• _Source data_
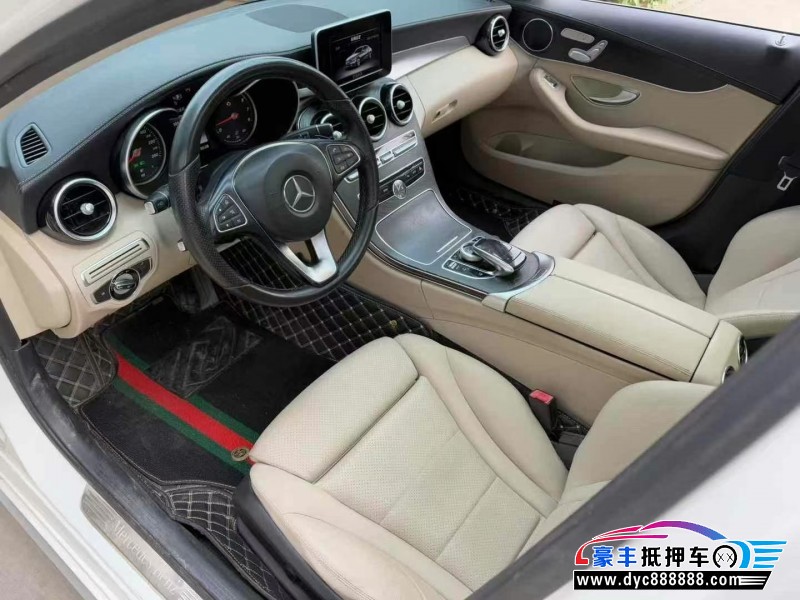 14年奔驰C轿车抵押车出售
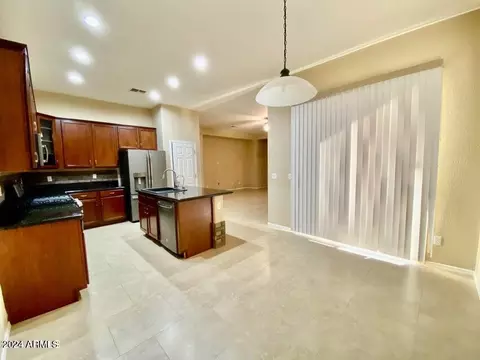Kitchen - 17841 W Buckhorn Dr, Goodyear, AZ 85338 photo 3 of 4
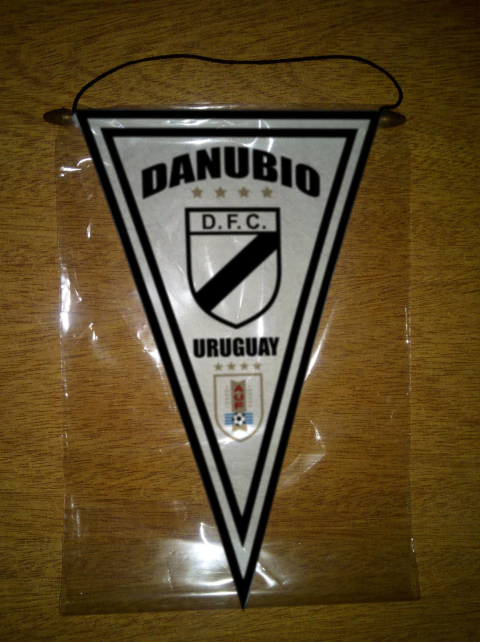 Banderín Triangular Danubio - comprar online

• _The task_
The result should be every line of the data, reproduced exactly, with the images removed.

• _Response to the task_
 14年奔驰C轿车抵押车出售
Kitchen - 17841 W Buckhorn Dr, Goodyear, AZ 85338 photo 3 of 4
 Banderín Triangular Danubio - comprar online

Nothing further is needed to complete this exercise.